DB2-Managed Disk Space Allocation - An Overlooked Gem?

Last week I was again teaching a DB2 for z/OS database administration course, this time for the half of the client's DBA team that minded the store while their colleagues attended the prior week's class. As I mentioned in my last blog entry, the organization had recently completed the migration of their production system to DB2 for z/OS Version 8, so we spent a good bit of class time discussing new features and functions delivered in that release of the product. In such a situation, it's always interesting to see what really grabs the attention of class participants. This time, a top attention-grabber was the automatic data set extent-size management capability introduced with DB2 V8 and enabled by default with DB2 9 for z/OS (more on this DB2 9 change momentarily). Facial expressions during our talks on this topic communicated the unspoken question, "DB2 can do that?"

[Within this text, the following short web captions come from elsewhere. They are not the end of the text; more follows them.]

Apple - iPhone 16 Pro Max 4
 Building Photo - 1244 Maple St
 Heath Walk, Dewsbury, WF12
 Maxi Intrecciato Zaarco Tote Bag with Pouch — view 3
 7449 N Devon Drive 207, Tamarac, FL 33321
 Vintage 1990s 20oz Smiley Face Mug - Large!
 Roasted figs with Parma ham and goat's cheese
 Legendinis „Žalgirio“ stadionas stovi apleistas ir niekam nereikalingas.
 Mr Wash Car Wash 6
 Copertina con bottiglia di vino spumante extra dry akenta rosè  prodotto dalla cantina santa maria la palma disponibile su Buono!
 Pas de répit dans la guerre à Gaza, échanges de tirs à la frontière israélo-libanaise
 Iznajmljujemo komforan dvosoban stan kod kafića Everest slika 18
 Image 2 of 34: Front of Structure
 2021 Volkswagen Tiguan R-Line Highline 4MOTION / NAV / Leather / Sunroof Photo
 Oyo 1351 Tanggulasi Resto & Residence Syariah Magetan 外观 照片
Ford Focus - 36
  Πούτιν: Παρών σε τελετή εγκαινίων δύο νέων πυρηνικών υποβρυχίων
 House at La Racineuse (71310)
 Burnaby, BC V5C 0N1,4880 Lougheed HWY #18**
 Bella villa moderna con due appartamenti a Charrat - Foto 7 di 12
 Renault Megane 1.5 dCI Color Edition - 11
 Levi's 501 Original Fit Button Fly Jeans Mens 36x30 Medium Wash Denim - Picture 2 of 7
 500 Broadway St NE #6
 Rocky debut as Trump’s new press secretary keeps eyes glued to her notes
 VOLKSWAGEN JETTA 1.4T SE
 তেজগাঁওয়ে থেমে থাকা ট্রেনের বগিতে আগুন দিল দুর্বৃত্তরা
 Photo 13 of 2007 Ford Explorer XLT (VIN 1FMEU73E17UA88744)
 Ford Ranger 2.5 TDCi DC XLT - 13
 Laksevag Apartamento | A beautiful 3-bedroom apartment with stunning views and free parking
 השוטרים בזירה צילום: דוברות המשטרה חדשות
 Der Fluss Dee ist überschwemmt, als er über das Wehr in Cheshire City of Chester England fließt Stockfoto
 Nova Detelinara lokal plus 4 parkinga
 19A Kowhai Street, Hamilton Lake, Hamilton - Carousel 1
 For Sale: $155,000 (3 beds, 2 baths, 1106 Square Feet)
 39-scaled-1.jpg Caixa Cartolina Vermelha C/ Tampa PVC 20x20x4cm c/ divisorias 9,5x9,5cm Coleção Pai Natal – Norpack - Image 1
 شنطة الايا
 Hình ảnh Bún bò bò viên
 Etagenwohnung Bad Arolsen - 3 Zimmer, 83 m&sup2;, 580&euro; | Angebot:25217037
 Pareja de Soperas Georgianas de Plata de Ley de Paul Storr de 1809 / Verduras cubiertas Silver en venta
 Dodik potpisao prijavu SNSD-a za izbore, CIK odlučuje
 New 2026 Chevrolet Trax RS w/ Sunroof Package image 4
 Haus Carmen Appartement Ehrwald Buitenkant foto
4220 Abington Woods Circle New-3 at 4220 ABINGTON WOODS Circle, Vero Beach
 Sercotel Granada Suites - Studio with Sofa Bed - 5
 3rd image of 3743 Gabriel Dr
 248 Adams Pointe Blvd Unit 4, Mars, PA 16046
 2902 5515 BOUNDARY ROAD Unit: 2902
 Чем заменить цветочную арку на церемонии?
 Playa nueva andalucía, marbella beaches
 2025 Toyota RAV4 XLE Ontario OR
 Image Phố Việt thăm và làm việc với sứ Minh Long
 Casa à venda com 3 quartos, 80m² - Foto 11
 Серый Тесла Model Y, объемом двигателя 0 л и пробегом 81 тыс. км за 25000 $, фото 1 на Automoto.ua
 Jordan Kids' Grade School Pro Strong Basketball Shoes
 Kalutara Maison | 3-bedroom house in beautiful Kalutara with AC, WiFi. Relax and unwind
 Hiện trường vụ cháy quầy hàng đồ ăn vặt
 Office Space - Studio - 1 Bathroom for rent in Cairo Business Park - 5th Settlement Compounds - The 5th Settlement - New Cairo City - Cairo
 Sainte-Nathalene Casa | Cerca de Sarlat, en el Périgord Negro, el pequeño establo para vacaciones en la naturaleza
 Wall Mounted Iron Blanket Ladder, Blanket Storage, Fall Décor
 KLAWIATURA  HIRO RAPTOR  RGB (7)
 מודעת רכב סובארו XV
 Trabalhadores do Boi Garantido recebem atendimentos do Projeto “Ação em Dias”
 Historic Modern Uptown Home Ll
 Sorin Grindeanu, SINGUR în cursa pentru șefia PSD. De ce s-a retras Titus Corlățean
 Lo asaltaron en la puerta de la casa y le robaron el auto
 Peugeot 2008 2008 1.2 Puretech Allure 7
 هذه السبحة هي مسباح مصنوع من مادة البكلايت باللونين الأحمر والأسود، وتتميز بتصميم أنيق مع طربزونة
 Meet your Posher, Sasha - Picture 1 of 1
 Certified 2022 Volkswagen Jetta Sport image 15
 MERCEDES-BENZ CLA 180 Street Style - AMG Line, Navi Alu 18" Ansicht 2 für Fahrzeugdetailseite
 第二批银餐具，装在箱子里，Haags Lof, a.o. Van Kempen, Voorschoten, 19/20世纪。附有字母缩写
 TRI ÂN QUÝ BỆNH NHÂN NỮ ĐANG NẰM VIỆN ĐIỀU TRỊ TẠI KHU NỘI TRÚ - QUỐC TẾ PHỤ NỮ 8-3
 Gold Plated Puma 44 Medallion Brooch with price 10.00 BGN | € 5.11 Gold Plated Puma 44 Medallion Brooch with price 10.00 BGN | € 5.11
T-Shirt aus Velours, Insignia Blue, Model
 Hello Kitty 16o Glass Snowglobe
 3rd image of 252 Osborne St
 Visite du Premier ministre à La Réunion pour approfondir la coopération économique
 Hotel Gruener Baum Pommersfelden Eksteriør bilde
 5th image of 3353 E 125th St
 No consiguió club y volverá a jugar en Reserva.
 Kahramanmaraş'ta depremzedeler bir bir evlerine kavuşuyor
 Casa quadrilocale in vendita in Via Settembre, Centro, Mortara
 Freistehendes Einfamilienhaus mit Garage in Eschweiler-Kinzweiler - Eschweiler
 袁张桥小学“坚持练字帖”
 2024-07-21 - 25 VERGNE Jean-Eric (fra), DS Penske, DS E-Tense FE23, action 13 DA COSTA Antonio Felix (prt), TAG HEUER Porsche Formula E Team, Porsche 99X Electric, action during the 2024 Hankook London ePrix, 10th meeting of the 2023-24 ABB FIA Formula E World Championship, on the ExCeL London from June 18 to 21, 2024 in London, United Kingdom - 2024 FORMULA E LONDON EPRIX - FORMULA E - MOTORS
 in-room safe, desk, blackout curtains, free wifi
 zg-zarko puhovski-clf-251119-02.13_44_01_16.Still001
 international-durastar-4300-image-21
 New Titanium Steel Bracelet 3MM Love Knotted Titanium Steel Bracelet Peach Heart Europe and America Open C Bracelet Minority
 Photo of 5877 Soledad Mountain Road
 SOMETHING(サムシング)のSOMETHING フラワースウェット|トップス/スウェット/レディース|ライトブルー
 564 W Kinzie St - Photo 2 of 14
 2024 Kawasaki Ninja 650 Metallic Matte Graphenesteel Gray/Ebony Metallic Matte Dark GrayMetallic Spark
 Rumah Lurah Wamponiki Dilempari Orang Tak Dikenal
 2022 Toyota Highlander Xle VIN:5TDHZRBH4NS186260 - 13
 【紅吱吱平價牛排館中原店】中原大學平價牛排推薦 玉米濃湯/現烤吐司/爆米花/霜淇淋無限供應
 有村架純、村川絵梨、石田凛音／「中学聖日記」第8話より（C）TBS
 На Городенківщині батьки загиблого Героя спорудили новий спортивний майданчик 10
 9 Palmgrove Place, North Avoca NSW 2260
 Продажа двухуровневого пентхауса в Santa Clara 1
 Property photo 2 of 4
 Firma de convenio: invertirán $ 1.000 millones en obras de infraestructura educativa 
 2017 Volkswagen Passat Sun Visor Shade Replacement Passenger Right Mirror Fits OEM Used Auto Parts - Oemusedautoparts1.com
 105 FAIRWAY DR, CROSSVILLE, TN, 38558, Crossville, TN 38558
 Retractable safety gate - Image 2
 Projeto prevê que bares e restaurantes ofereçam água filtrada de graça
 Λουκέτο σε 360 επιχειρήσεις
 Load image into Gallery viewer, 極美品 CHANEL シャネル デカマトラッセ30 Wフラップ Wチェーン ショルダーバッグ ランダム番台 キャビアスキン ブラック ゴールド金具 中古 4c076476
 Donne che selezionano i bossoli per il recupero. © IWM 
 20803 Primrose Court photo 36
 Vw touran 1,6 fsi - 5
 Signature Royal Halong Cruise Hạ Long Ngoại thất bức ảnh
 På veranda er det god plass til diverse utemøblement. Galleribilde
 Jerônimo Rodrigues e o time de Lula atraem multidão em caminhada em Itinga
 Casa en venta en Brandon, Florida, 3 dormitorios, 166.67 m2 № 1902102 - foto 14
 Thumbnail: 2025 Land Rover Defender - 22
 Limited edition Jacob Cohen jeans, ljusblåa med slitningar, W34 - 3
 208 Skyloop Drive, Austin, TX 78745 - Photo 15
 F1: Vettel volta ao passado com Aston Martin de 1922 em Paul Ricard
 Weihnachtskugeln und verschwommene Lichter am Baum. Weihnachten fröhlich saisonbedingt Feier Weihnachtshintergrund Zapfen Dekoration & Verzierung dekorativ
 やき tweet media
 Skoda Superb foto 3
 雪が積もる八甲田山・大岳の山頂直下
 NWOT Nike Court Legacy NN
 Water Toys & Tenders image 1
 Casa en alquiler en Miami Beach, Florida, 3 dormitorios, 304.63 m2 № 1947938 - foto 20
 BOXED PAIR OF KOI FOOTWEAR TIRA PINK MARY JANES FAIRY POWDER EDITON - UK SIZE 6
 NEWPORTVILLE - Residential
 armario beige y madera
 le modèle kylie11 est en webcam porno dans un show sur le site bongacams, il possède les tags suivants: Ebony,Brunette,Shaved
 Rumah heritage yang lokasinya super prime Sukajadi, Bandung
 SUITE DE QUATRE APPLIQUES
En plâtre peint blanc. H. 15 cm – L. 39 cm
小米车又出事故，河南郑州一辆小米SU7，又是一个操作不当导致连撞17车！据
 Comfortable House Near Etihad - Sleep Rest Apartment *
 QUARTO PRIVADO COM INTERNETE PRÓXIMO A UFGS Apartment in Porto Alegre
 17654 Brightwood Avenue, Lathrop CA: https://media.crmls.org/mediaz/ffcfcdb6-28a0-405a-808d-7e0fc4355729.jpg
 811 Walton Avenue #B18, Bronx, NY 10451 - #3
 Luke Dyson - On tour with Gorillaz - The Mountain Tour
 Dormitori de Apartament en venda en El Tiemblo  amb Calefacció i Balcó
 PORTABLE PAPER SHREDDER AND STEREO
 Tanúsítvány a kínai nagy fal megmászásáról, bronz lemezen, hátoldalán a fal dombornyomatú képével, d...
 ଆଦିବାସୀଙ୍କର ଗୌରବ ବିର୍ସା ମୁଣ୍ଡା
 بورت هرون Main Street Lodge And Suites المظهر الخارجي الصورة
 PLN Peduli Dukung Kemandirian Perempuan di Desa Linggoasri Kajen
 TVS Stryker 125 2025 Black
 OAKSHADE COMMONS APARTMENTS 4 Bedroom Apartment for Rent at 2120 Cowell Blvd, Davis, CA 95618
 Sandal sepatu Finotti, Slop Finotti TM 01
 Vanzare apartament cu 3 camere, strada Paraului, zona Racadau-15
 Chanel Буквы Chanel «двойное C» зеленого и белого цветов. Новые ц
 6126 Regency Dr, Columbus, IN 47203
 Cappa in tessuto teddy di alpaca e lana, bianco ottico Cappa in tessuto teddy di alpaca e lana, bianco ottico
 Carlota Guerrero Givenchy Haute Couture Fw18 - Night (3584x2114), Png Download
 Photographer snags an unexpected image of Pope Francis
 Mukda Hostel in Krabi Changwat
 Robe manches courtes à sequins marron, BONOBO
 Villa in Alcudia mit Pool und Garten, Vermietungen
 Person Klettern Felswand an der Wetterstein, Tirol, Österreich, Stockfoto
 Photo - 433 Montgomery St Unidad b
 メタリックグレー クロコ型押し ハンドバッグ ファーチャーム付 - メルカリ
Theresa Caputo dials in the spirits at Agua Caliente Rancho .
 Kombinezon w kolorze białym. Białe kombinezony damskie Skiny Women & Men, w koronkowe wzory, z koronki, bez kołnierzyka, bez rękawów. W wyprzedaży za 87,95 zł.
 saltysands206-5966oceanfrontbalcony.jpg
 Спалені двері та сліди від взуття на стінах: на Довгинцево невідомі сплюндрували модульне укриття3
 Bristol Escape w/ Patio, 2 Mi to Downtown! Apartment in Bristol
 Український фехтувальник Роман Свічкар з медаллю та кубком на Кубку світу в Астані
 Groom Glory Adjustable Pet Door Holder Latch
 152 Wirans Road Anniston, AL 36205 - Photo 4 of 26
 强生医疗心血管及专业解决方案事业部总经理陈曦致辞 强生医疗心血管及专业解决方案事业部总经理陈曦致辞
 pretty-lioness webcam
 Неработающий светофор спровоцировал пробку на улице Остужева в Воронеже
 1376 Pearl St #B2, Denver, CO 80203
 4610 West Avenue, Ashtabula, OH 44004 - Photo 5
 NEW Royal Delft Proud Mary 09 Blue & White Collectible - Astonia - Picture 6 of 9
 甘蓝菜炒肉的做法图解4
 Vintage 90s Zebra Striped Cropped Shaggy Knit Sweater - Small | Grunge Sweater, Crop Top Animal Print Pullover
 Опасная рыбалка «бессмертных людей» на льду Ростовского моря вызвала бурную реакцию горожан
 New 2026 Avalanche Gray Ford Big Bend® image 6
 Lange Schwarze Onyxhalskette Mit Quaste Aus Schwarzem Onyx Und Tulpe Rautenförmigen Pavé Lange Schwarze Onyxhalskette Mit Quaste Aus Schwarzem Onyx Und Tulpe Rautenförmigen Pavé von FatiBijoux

It does seem almost too good to be true, especially to a DBA who has long spent more time than desired in determining appropriate primary and - especially - secondary space allocation quantities for DB2-managed (i.e., STOGROUP-defined) tablespace and index data sets. As you're probably aware, a non-partitioned tablespace (this will typically be a segmented tablespace) can grow to 64 GB in size by occupying thirty two 2 GB data sets; however, the first 2 GB data set has to fill up before DB2 can go to a second (and the second has to fill up before DB2 can go to a third, and so on), and DB2 won't fill up that 2 GB data set if it runs into the data set extent limit (255 extents). The same applies to non-partitioned indexes, except that the data set size is not set at 2 GB - rather, it's determined by the PIECESIZE specification on a CREATE INDEX or ALTER INDEX statement. In either case, you want to set the primary and secondary space allocation quantities (PRIQTY and SECQTY on the CREATE or ALTER statement for the object) so that the object can reach the data set size limit (and thus expand to multiple data sets) without first running into the aforementioned limit on the number of extents for a data set. A partition of a partitioned tablespace or partitioned index isn't going to spread across multiple data sets, but you still want to be able to reach the maximum data set size (specified via DSSIZE on the CREATE TABLESPACE statement) before hitting the data set extent limit.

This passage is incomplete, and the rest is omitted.